Top of RECORDS TO PROCESS

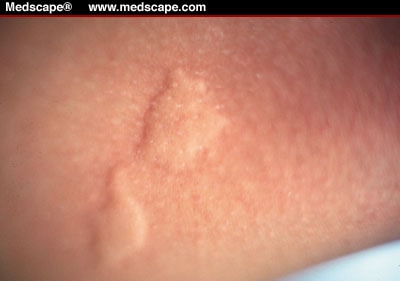 m1708.07.fig3 Latest Research Cures For Hives On Face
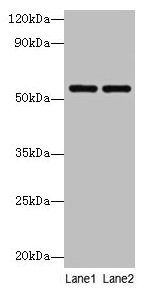 PHGDH Antibody - Western blot All lanes: D-3-phosphoglycerate dehydrogenase antibody at 2µg/ml Lane 1: EC109 whole cell lysate Lane 2: 293T whole cell lysate Secondary Goat polyclonal to rabbit IgG at 1/10000 dilution Predicted band size: 59 kDa Observed band size: 59 kDa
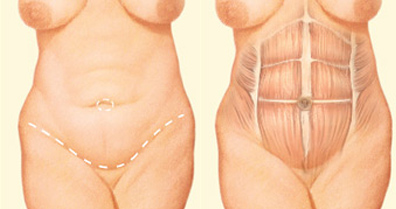 abdominoplasty1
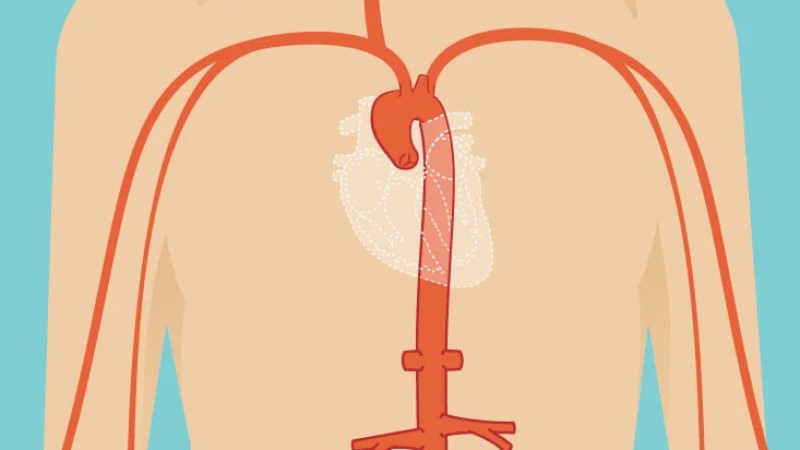 درمان بیماری های آئورت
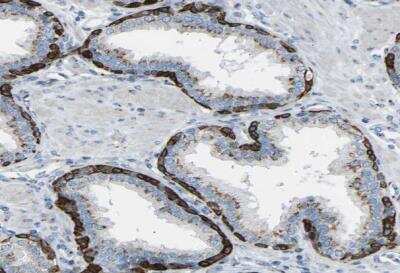 Immunohistochemistry-Paraffin: CYREN Antibody [NBP1-82120] - Staining of human prostate shows moderate to strong cytoplasmic postivity in glandualr cells.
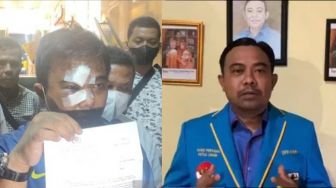 Dalang di Balik Aksi Debt Collector Keroyok Ketum KNPI, Politisi Golkar Azis Samual Terancam Penjara 9 Tahun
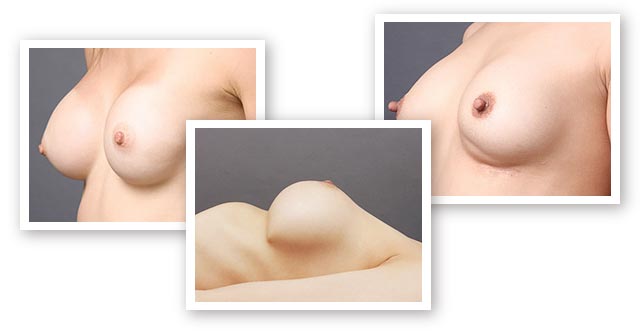 不自然なバストライン、リップリング、バストの段差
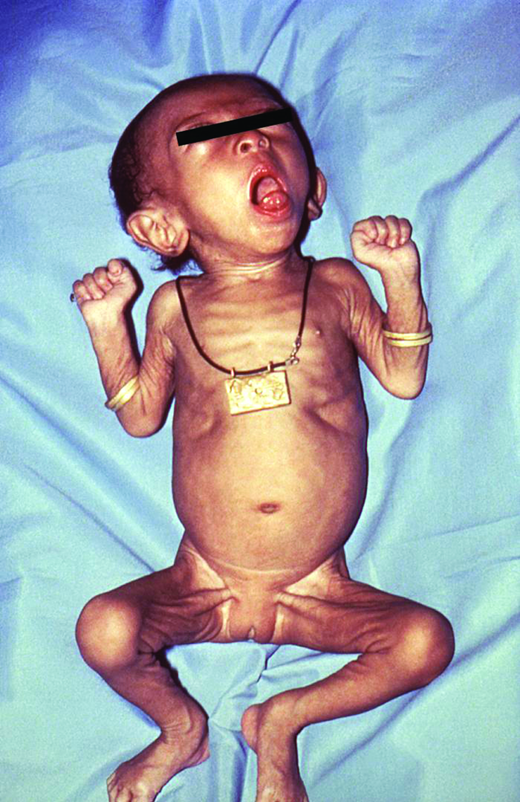 Severe coughing. (Courtesy of CDC)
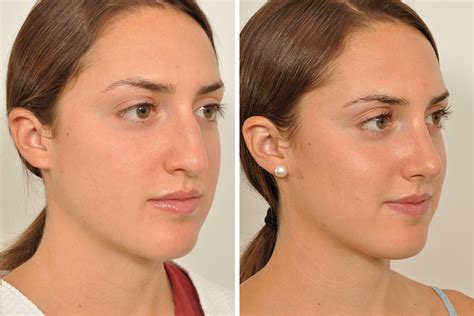Jan 29, 2021 · after one week or so, you'll have another appointment with your doctor to remove your cast! Top Celebrity Rhinoplasty Surgeon, Natural Looking Nose ...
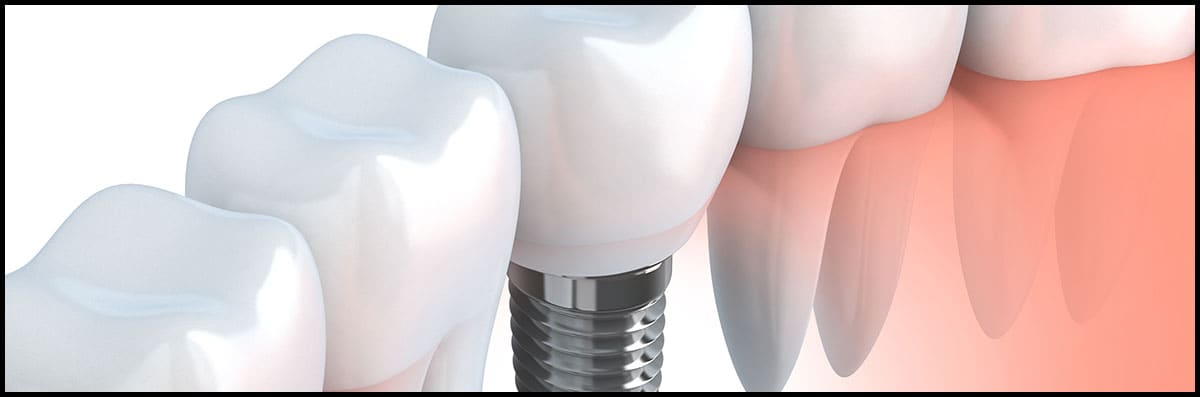 Dental Implants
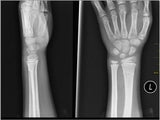 Request an appointment for an X-ray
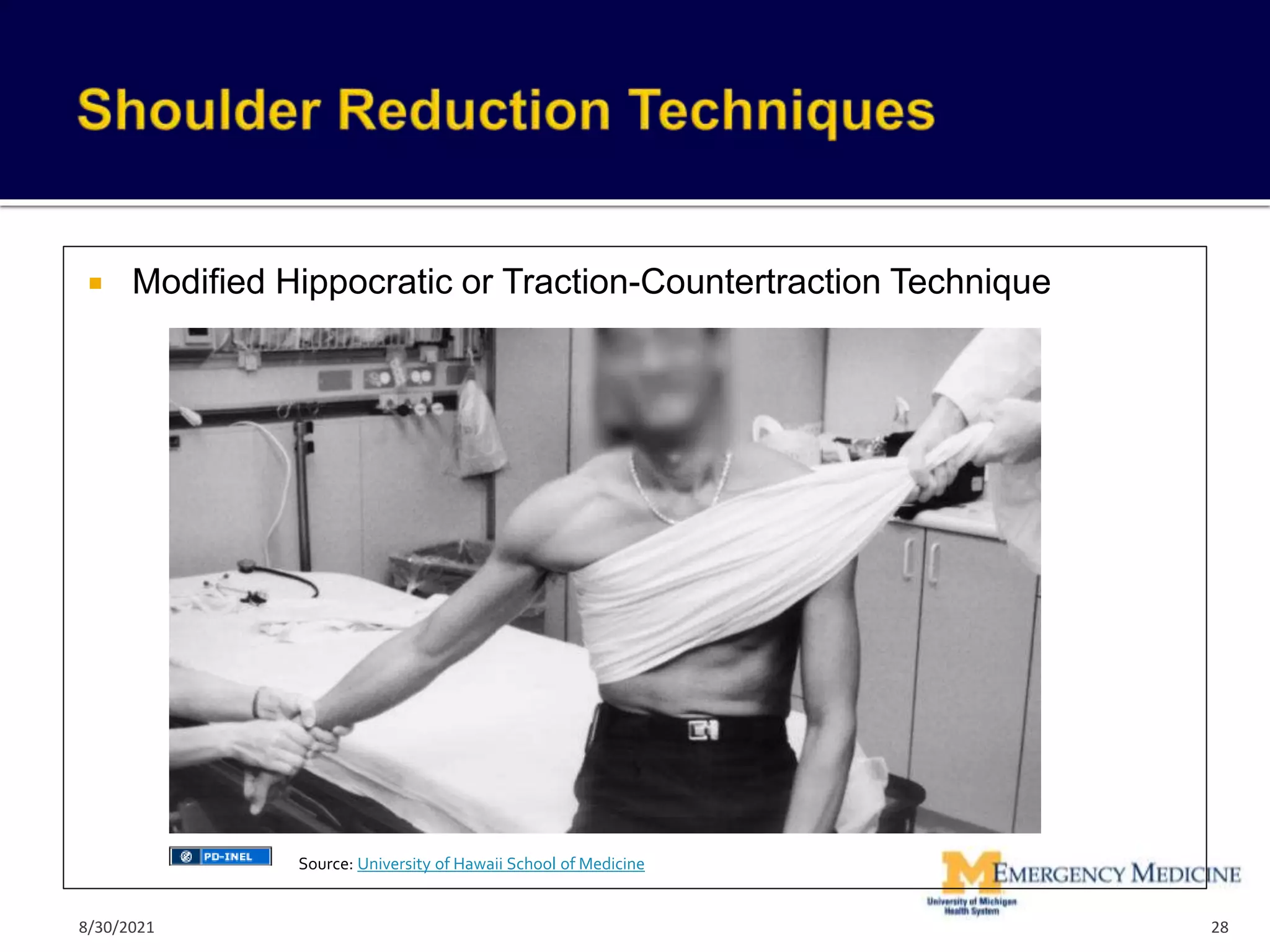  Modified Hippocratic or Traction-Countertraction Technique
28
Source: University of Hawaii School of Medicine
8/30/2021
 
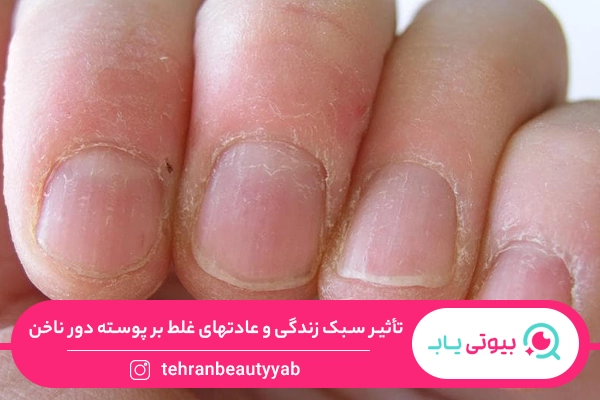 علت پوسته شدن دور ناخن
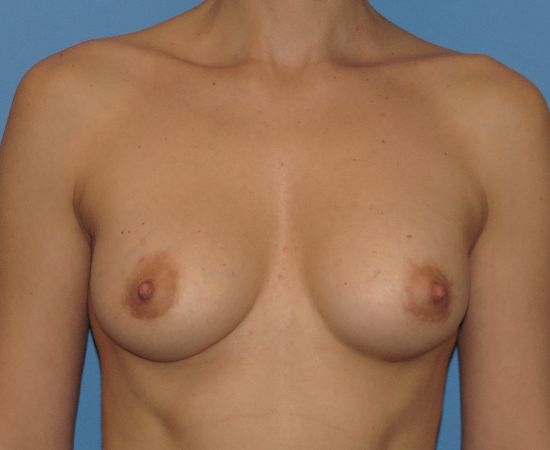 after breast augmentation with lift front view female patient case 5986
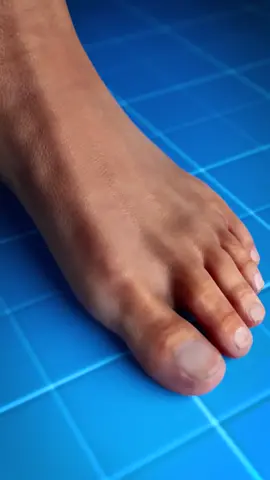 Bones 🦴 surgery #healthyrecipes #healttips #fyp #foruyou #viral_video 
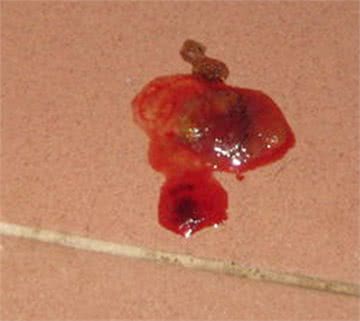 狗狗食物中毒以后会有什么症状，预防措施有哪些?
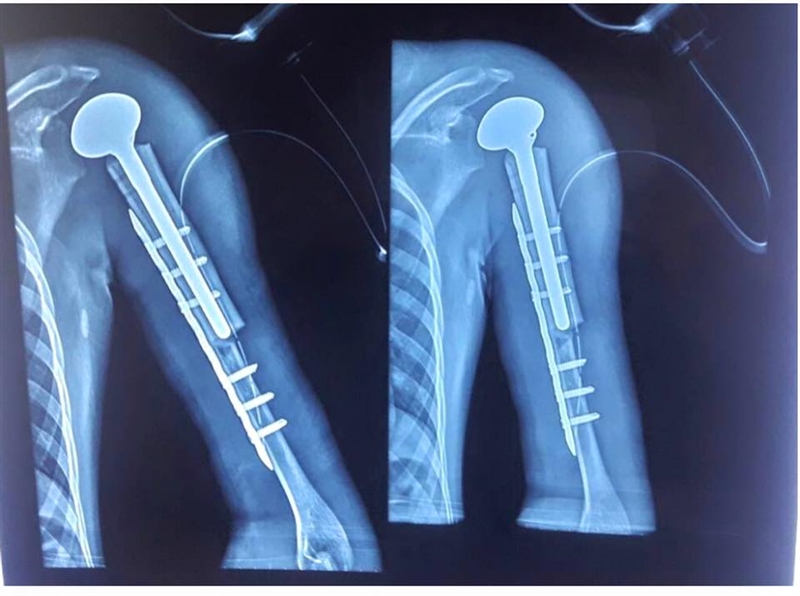 MEGAPROSTHESIS AND ALLOGRAFT PROSTHESIS COMPOSITE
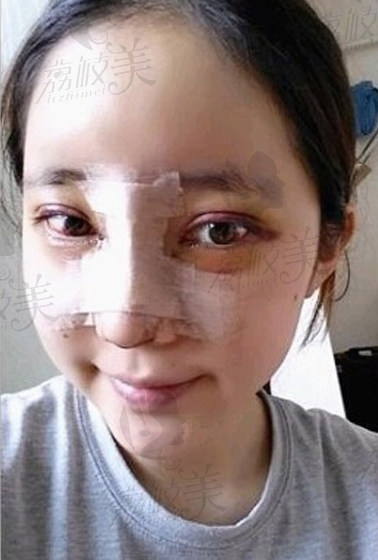 赴韩国整形做的胎式无痕双眼皮+隆鼻手术,看看效果怎么样 ?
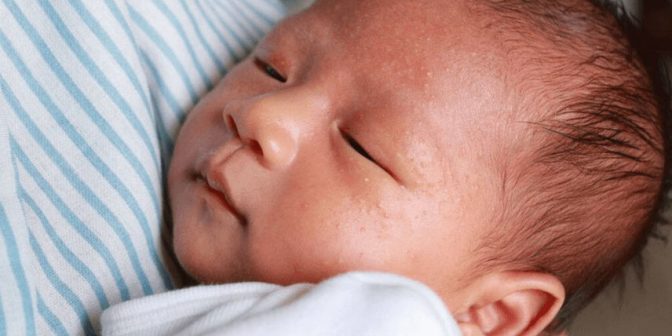 Bayi Alergi Susu Sapi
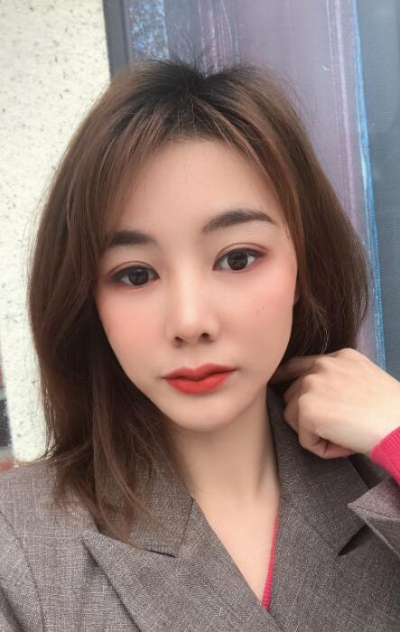 廈門(mén)華美名媛整形美容醫(yī)院做雙眼皮手術(shù)的最終效果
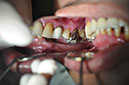 %_tempFileNameImplant%2077a5%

Bottom of RECORDS TO PROCESS

YOUR INSTRUCTIONS —
Print every entry above again, exactly as written. Leave the images out.

FINISHED TASK —
 m1708.07.fig3 Latest Research Cures For Hives On Face
 PHGDH Antibody - Western blot All lanes: D-3-phosphoglycerate dehydrogenase antibody at 2µg/ml Lane 1: EC109 whole cell lysate Lane 2: 293T whole cell lysate Secondary Goat polyclonal to rabbit IgG at 1/10000 dilution Predicted band size: 59 kDa Observed band size: 59 kDa
 abdominoplasty1
 درمان بیماری های آئورت
 Immunohistochemistry-Paraffin: CYREN Antibody [NBP1-82120] - Staining of human prostate shows moderate to strong cytoplasmic postivity in glandualr cells.
 Dalang di Balik Aksi Debt Collector Keroyok Ketum KNPI, Politisi Golkar Azis Samual Terancam Penjara 9 Tahun
 不自然なバストライン、リップリング、バストの段差
 Severe coughing. (Courtesy of CDC)
Jan 29, 2021 · after one week or so, you'll have another appointment with your doctor to remove your cast! Top Celebrity Rhinoplasty Surgeon, Natural Looking Nose ...
 Dental Implants
 Request an appointment for an X-ray
  Modified Hippocratic or Traction-Countertraction Technique
28
Source: University of Hawaii School of Medicine
8/30/2021
 
 علت پوسته شدن دور ناخن
 after breast augmentation with lift front view female patient case 5986
 Bones 🦴 surgery #healthyrecipes #healttips #fyp #foruyou #viral_video 
 狗狗食物中毒以后会有什么症状，预防措施有哪些?
 MEGAPROSTHESIS AND ALLOGRAFT PROSTHESIS COMPOSITE
 赴韩国整形做的胎式无痕双眼皮+隆鼻手术,看看效果怎么样 ?
 Bayi Alergi Susu Sapi
 廈門(mén)華美名媛整形美容醫(yī)院做雙眼皮手術(shù)的最終效果
 %_tempFileNameImplant%2077a5%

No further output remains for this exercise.